Next: , Up: Lexing and Parsing


41.1 Constructing a lexical analyzer

You can construct a lexical analyzer with the procedures in this module.

— Scheme Procedure: lexeme-reader dfa

Return a procedure that returns a lexeme, according to the dfa. The returned proc, let's call it read-lexeme, has signature:

          (read-lexeme [port])

The rest of this description is about read-lexeme.

Read a lexeme, as defined by dfa, from port or the current input.

dfa should match an entire lexeme and nothing more. read-lexeme will return:

          (<n> <token>)

where <token> is a string containing the characters matched, and <n> indicates the token type.

A novel regexp operator is particularly important when using this procedure: the cut operator.

The cut operator, written ‘[[:cut <n>:]]’, causes immediate termination of a match. <n> must be an integer.

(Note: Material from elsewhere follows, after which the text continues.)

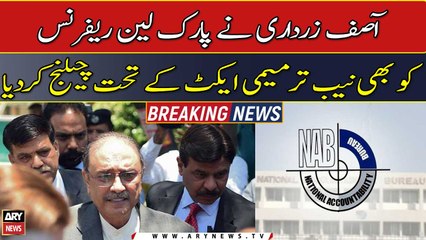 Asif Zardari challenges Park Lane reference under NAB Amendment Act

If it is 0, the match fails. Otherwise, the match succeeds, returning <n> in the match data. Using the Scheme procedure regexec, the match-data selector #\c retrieves the cut value. For example:

          (define r (regcomp "if[[:cut 1:]]\\|else[[:cut 2:]]"))
          
          (regexec r "if" '(#\c 0))
          ⇒ (1 "if")
          
          (regexec r "else" '(#\c 0))
          ⇒ (2 "else")

The above examples illustrate how the return value of read-lexeme is formed. Sufficient characters are read to form a match while leaving one character left over. The extra character is put back on the input stream and match-data for (#\c 0) is returned.

If the end of file is reached before a match is found, then the lexer should call eof-token with the string of read-but-yet-unmatched characters, and return the resulting value.

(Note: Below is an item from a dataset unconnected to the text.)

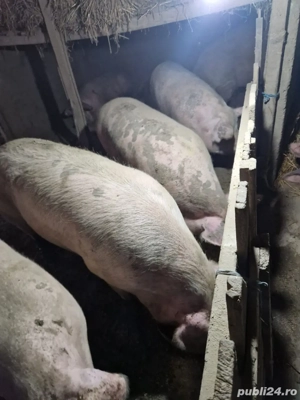 Vand porci si purcei  - imagine 3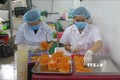 Sản phẩm đông trùng hạ thảo mở ra hướng đi mới cho phát triển kinh tế nông nghiệp tại thành phố Lai Châu. Ảnh: Việt Hoàng - TTXVN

There are two exceptions to the rule that the lexer will read, then unread an "extra" character for each lexeme. The first exception is if EOF is reached after finding a match, but before reading an an extra character. In that case, the match is simply returned. The second exception is if the cut value of the match is less than 0, the lexeme is immediately returned without reading additional characters.

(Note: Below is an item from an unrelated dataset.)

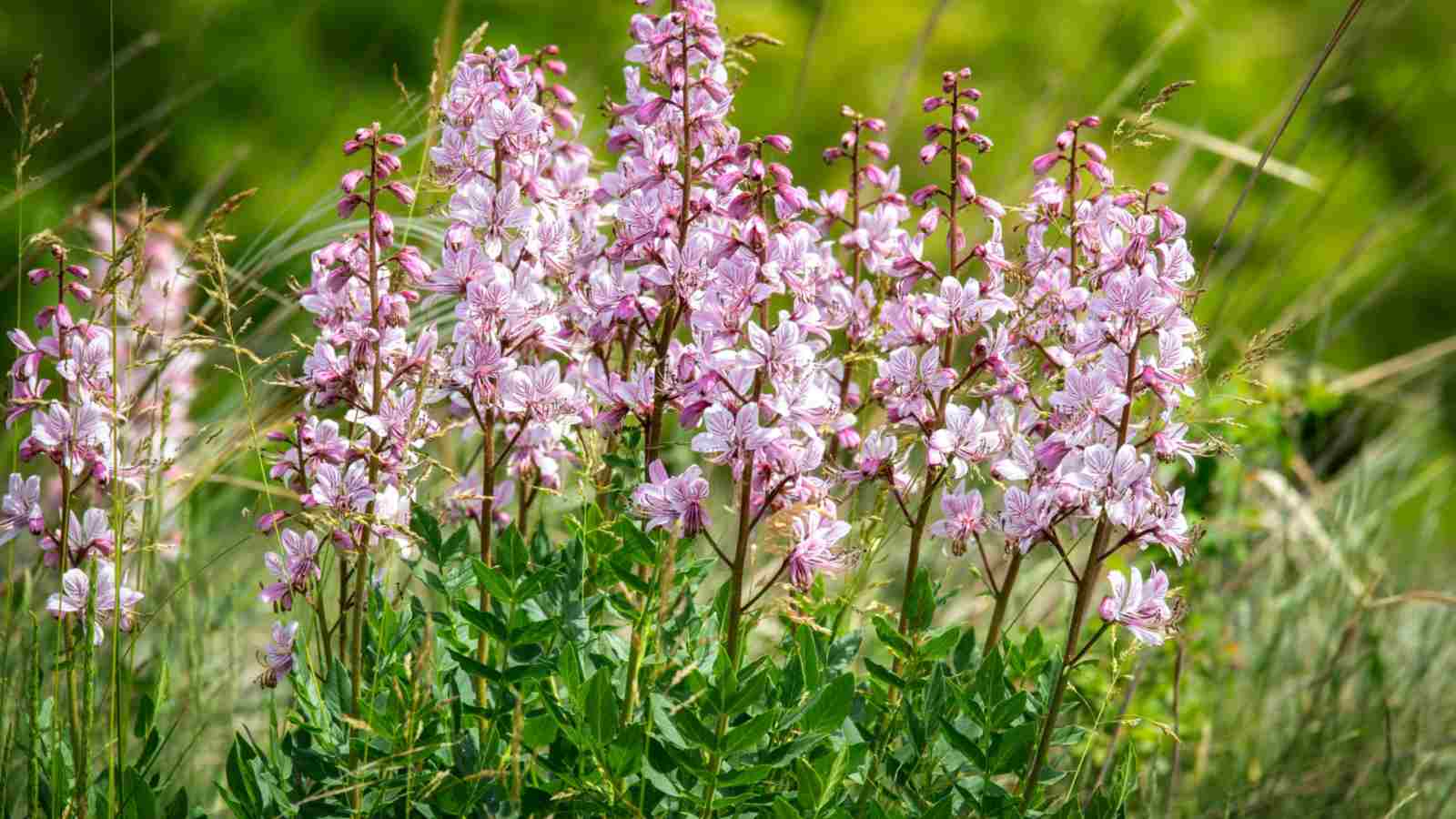 Gas Plant (Dictamnus albus) with pink flowers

Using this interface is quite similar to using the lex language, except for the handling of illegal (non-lexable) input. The unix lexical analyzers are able to report an error as soon as characters are read which could not possibly begin a lexeme. This lexer, on the other hand, naively continues to read characters until eof is reached. This reflects a deficiency of the regexec interface (it has no way to report that not only was no match found, but no match could be formed by adding more characters). The work-around is to carefully write "regexp" so that it matches illegal input and returns such as a distinct token type. A more robust (lex-like) solution will eventually be implemented.

— Scheme Procedure: lexer-regexp-and-handler spec return

Return a regexp and a procedure suitable for lexing according to the analyzer specification spec. Call return when done, like so:

          (RETURN regexp handler)

See make-lexer for an example of how this is used.

— Scheme Procedure: make-lexer specification

Return a lexical analyzer built from specification.

A lexer is built from a specification that consists of regexps and actions. The regexps are listed in order of precedence, each matching a particular token type.

The actions are either a token-id (a symbol or #f), or a procedure.

If an action is a token-id <i> then when a matching token is read, the list (<i> <lexeme>) is returned (where <lexeme> is a string consisting of the matched characters).

If an action is a procedure, the procedure is called with one argument, the lexeme string. The return value of the procedure is returned from the lexer.

Here is a sample specification:

          (define ctax-lexer-specification
            `(("[0-9]\\+\\.\\?[0-9]*"          ,(lambda (token)
                                                  (list 'number
                                                       (number->string token))))
              ("if"                            if)
              ("else"                          else)
              ("while"                         while)
              ("for"                           for)
              ("return"                        return)
              ("do"                            do)
              ("scm"                           scm)
              ("break"                         break)
              ("continue"                      continue)
              ("[a-zA-Z][a-z?!<>=0-9_]*"       ,(lambda (token)
                                                  (list 'identifier
                                                       (string->symbol token))))
              ("//[^\n]*"                      #f)
              ("[ \t\n]\\+"                    #f)
              ("[^ \t\n]\\+"                   error)))

WARNING: all lexers should be total – that is, they must succeed at dividing all possible input streams into tokens. No provision is made to cleanly handle non-matching input. That's why the example lexer includes a token type "error" – to consume non-lexable input until syncronizing characters (whitespace in this case) are found.

Generally speaking, given a specification, the lexer will return the longest matching lexeme. If two cases both match, the lexer will use the one that occurs first in the specification.

The rule that longest matches may be overrided for a particular type of lexeme by putting the keyword #:shortest after the action in the lexer specification. If such a lexeme type is ever matched, it is returned immediately without consuming addtional characters to look for a longer match.

— Scheme Procedure: eof-token? obj

Return #t iff obj is an eof token.

— Scheme Procedure: eof-token [etc...]

Return a recognizable eof token with etc information. You can recognize it as such using procedure eof-token?. This procedure will probably be made private in the future. Do not use it.